[[ Data open ]]
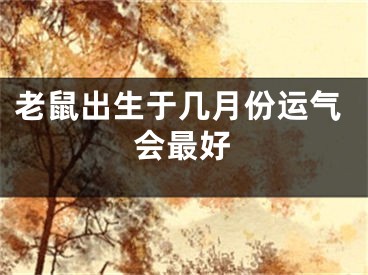 老鼠出生于几月份运气会最好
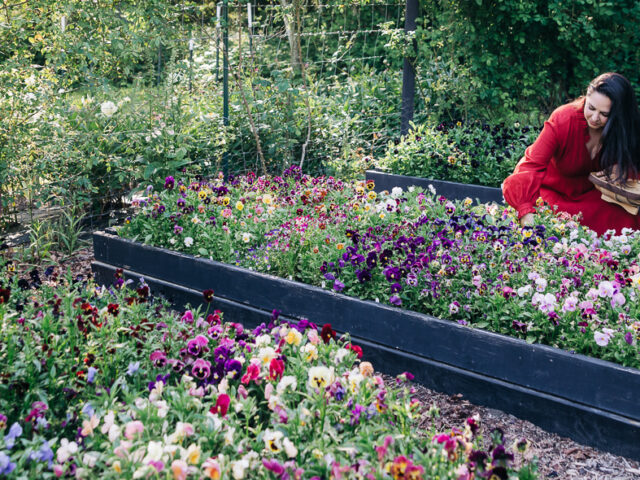 Brenna Estrada harvesting pansies in her garden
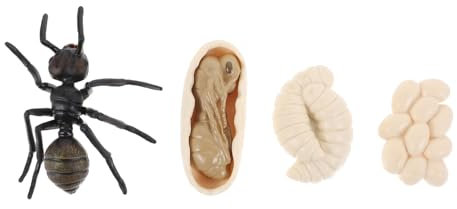 VICASKY Ameisen Wachstumszyklus Modell Für Kinder Kognitive Lernspielzeuge Realistische Ameisenfiguren Pädagogisches Plastikspielzeug Für Biologieunterricht Für Zuhause Und Schule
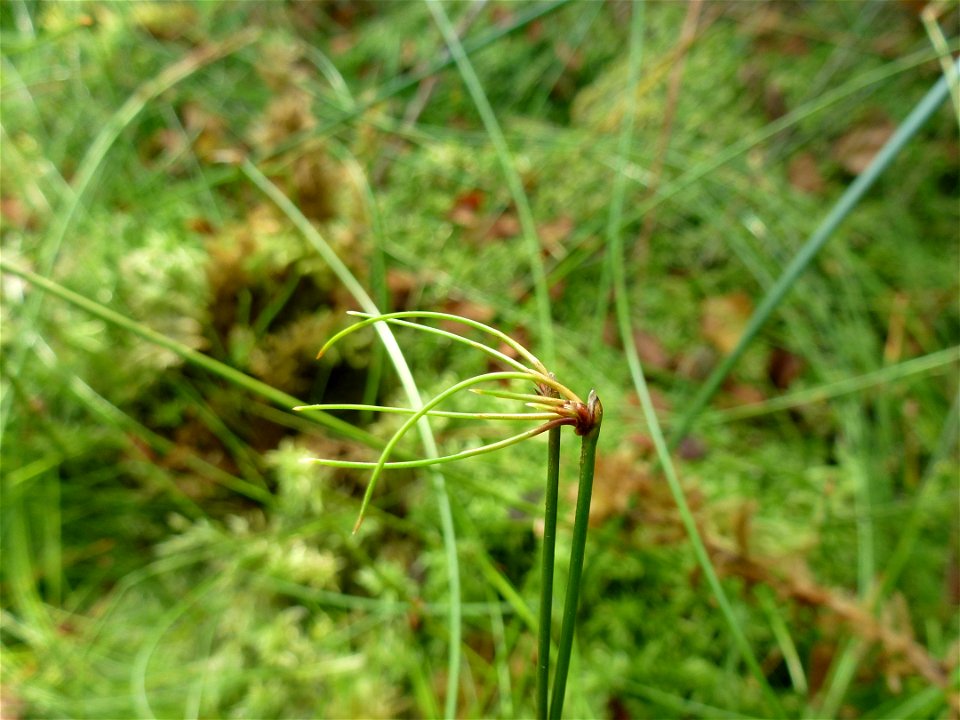 Eleocharis multicaulis (Sm.) Desv., 1818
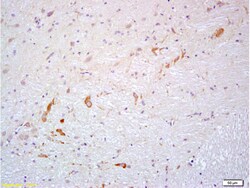 PROK2 Rabbit anti-Human, Polyclonal, Bioss 100 &mu;L | Buy Online | Bioss | Fisher Scientific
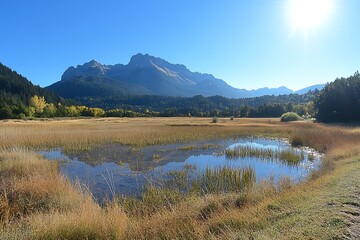 Sunny autumnal marsh reflects mountains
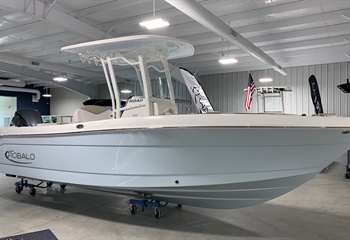 2023 Robalo R242 Ice Blue Boat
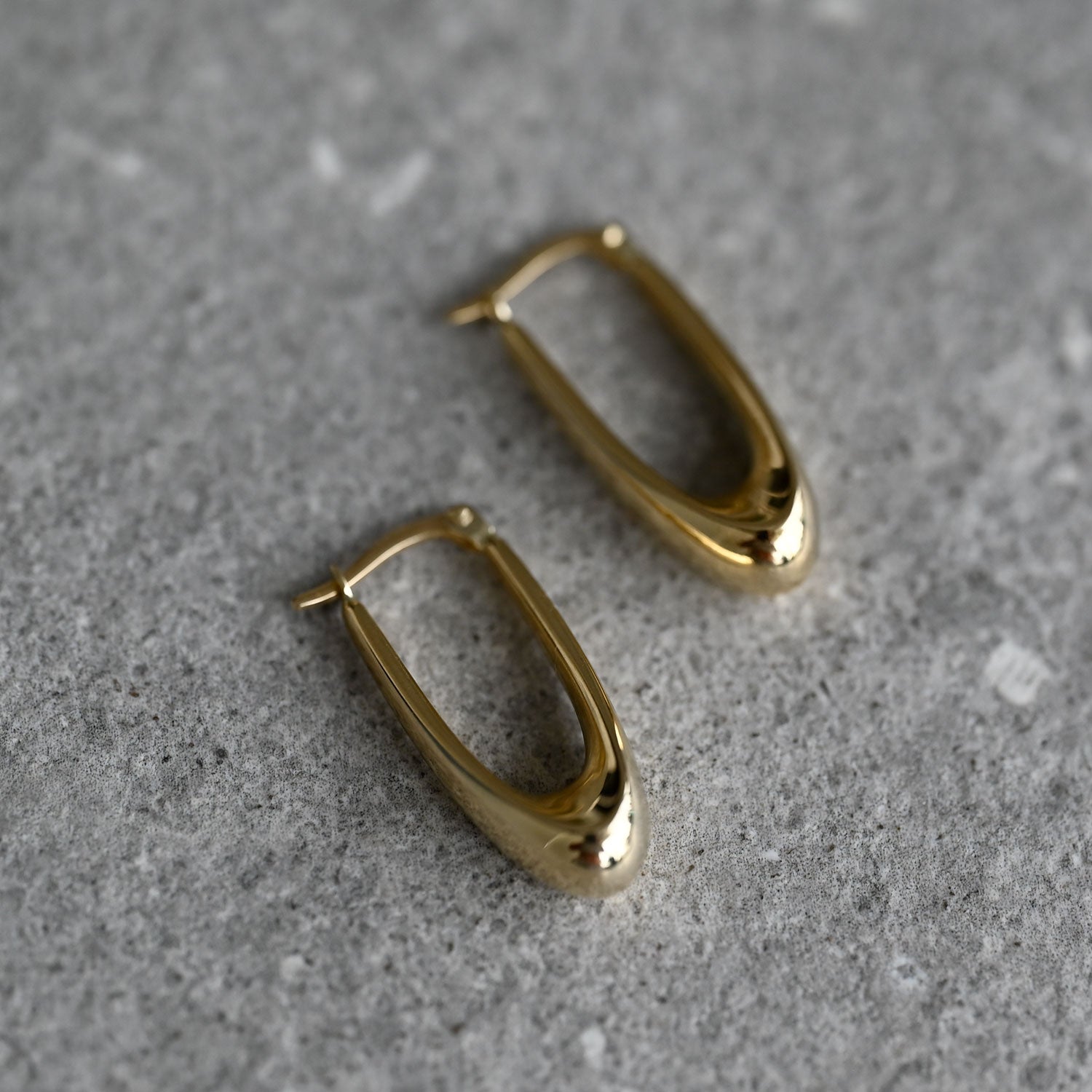 Gold Hoops Earrings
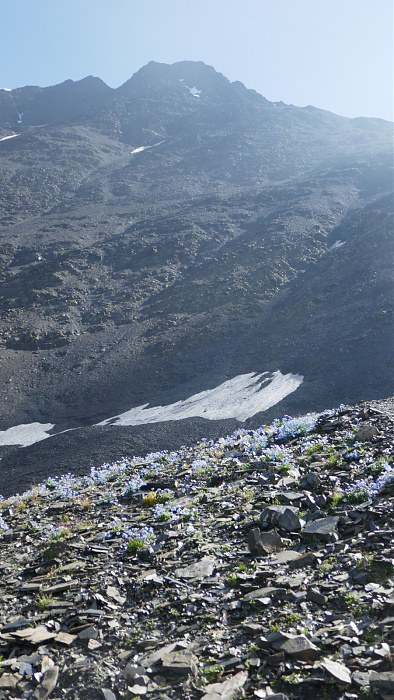 Klicke auf die Grafik für eine vergrößerte Ansicht  Name: Kaukasus0631.jpg Ansichten: 0 Größe: 772,7 KB ID: 3351351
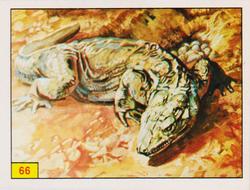 1986 Panini Dinosaurs/Prehistoric Animal Stickers #66 Seymouria Front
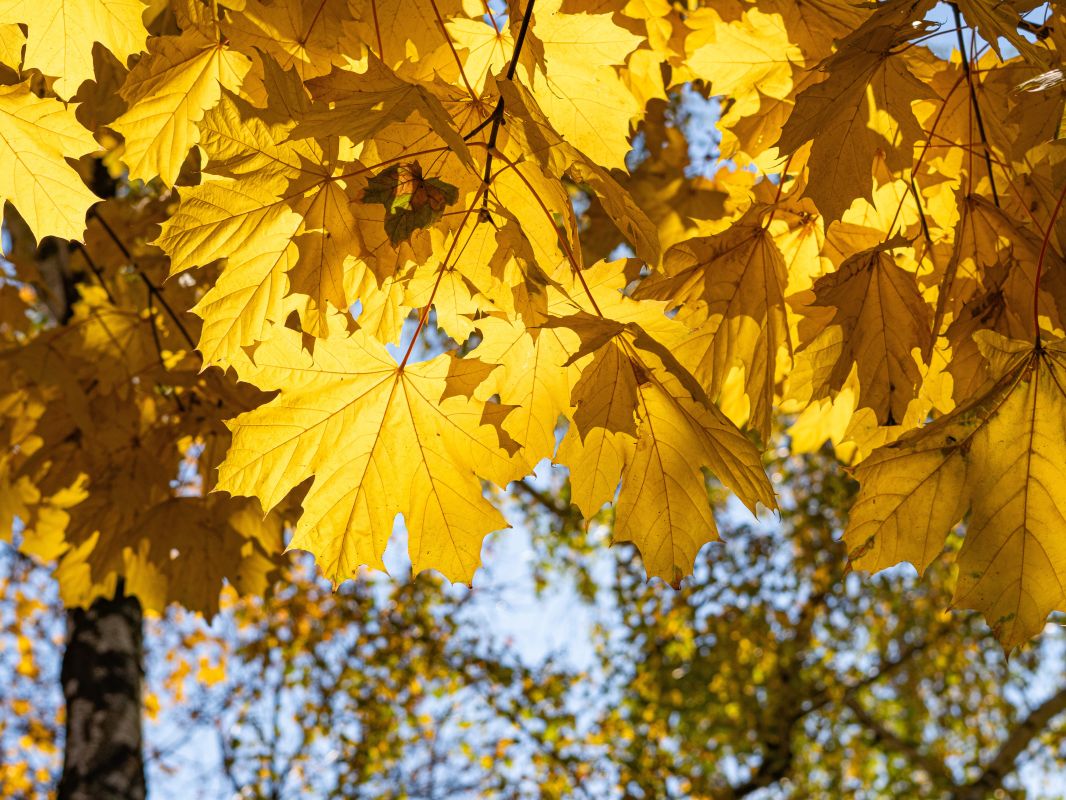 Не забываем зонт. Прогноз погоды в&nbsp;Воронеже на&nbsp;выходные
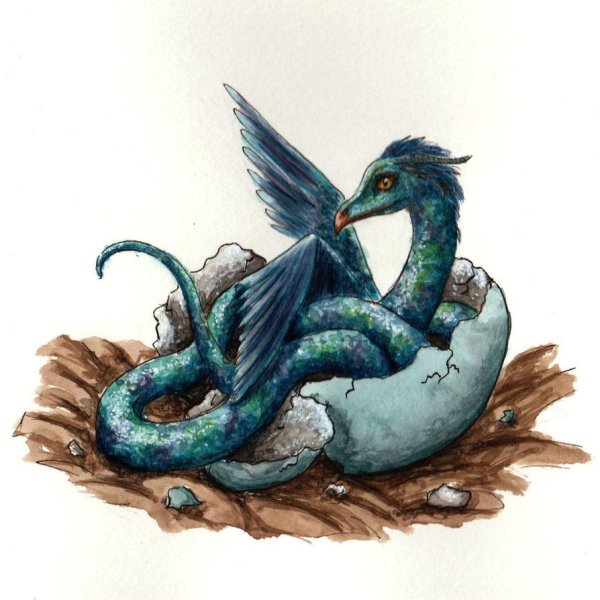 Оккамий Гарри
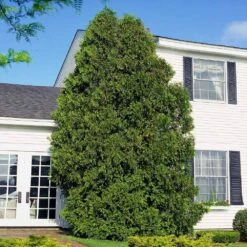 American Arborvitae -Fruit Tree Shop American Arborvitae 6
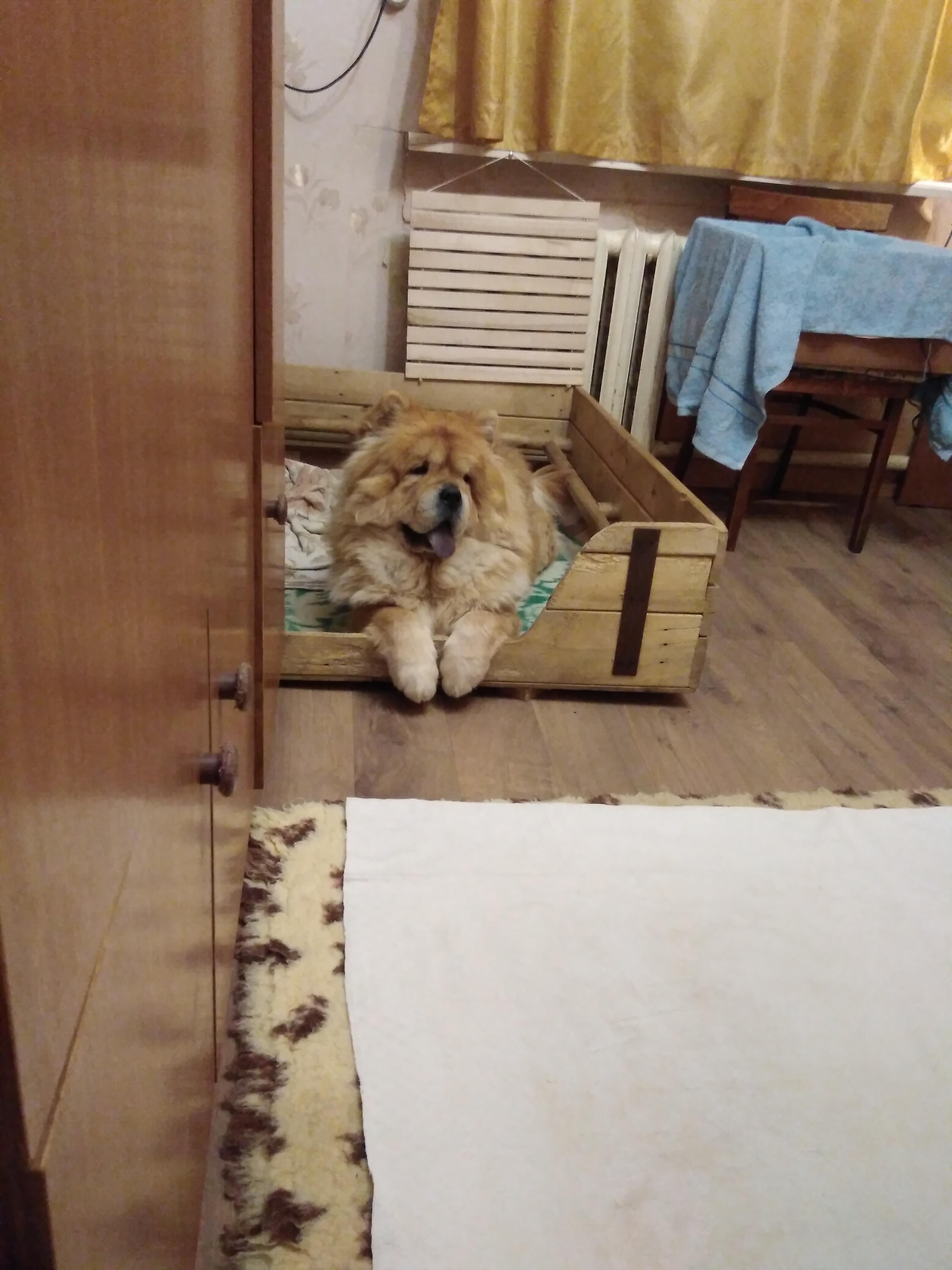 Клото Сильвия Мин Чжу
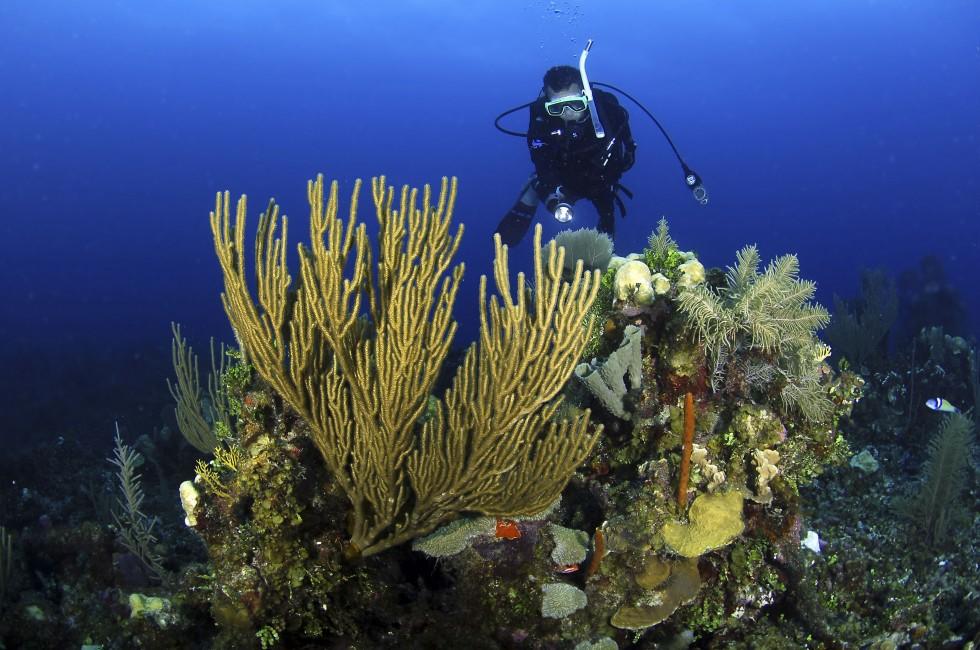 Diver at the Belize barrier reef.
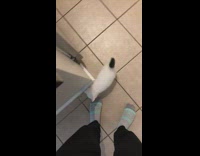 Tiny cat explores new house 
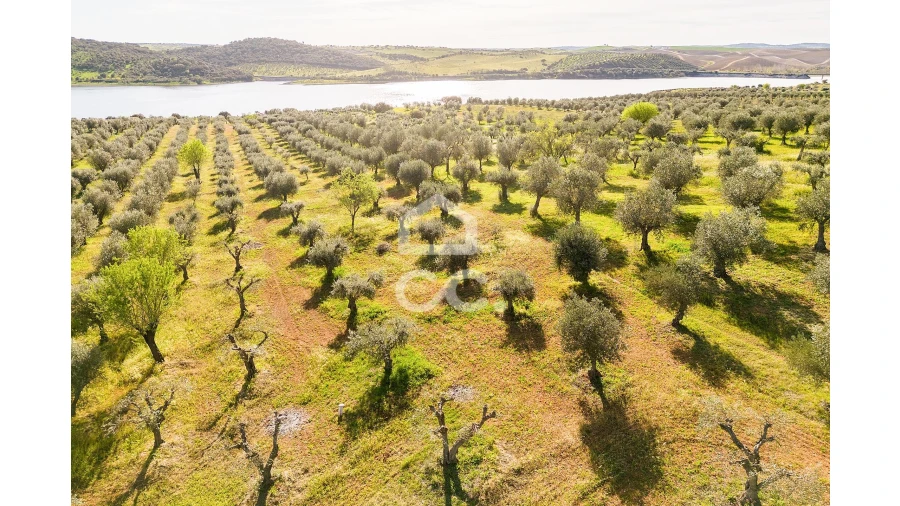 Terreno para Venda em Nossa Senhora da Conceição, São Brás dos Matos, Juromenha Foto 12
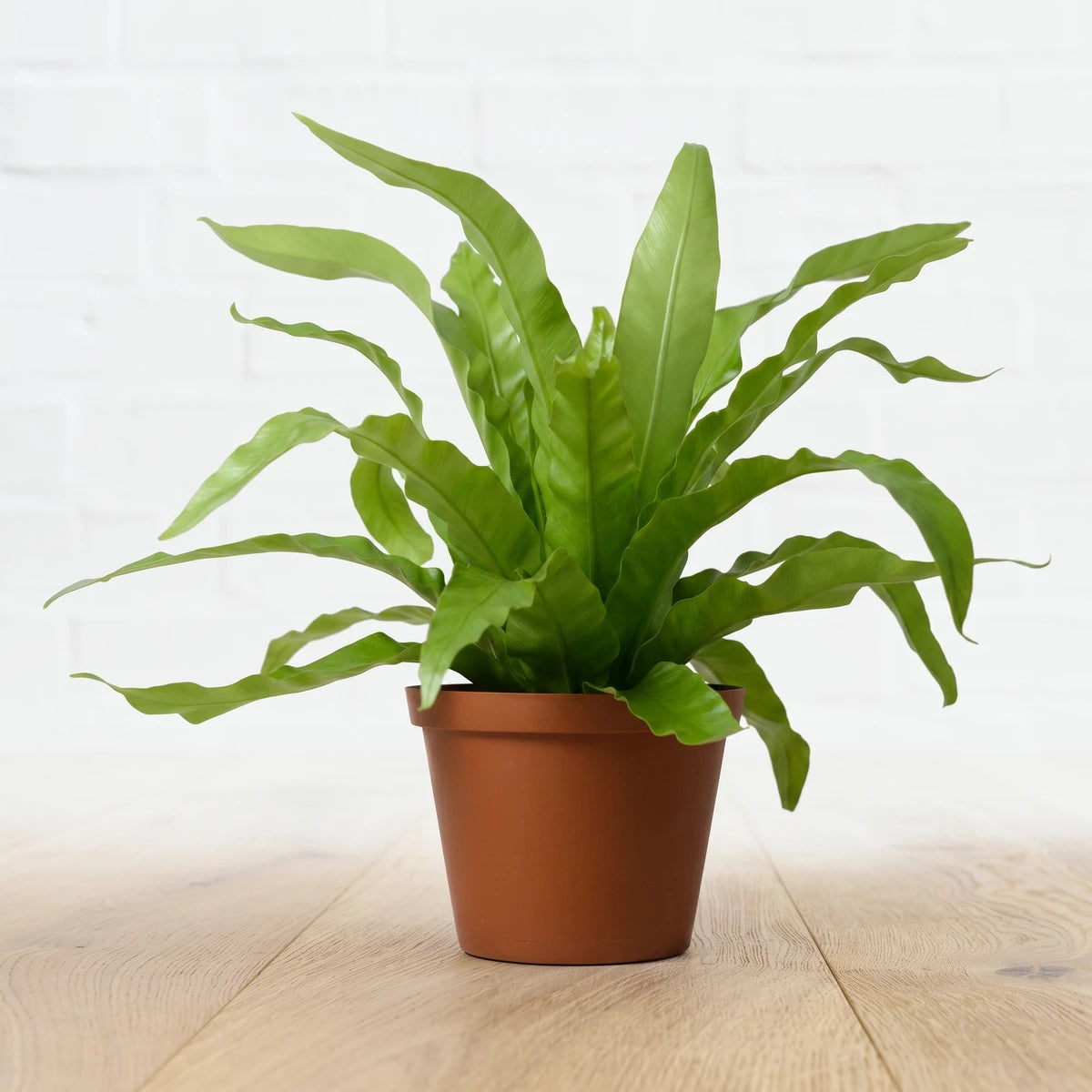 Green Sansevieria Hahnii Birds Nest Snake Plant in a brown pot, a vibrant indoor plant for home decor.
[[ Data closed ]]
Action item = All of the entries above should be retyped exactly, with the pictures left out.

Answer section =
 老鼠出生于几月份运气会最好
 Brenna Estrada harvesting pansies in her garden
 VICASKY Ameisen Wachstumszyklus Modell Für Kinder Kognitive Lernspielzeuge Realistische Ameisenfiguren Pädagogisches Plastikspielzeug Für Biologieunterricht Für Zuhause Und Schule
 Eleocharis multicaulis (Sm.) Desv., 1818
 PROK2 Rabbit anti-Human, Polyclonal, Bioss 100 &mu;L | Buy Online | Bioss | Fisher Scientific
 Sunny autumnal marsh reflects mountains
 2023 Robalo R242 Ice Blue Boat
 Gold Hoops Earrings
 Klicke auf die Grafik für eine vergrößerte Ansicht  Name: Kaukasus0631.jpg Ansichten: 0 Größe: 772,7 KB ID: 3351351
 1986 Panini Dinosaurs/Prehistoric Animal Stickers #66 Seymouria Front
 Не забываем зонт. Прогноз погоды в&nbsp;Воронеже на&nbsp;выходные
 Оккамий Гарри
 American Arborvitae -Fruit Tree Shop American Arborvitae 6
 Клото Сильвия Мин Чжу
 Diver at the Belize barrier reef.
 Tiny cat explores new house 
 Terreno para Venda em Nossa Senhora da Conceição, São Brás dos Matos, Juromenha Foto 12
 Green Sansevieria Hahnii Birds Nest Snake Plant in a brown pot, a vibrant indoor plant for home decor.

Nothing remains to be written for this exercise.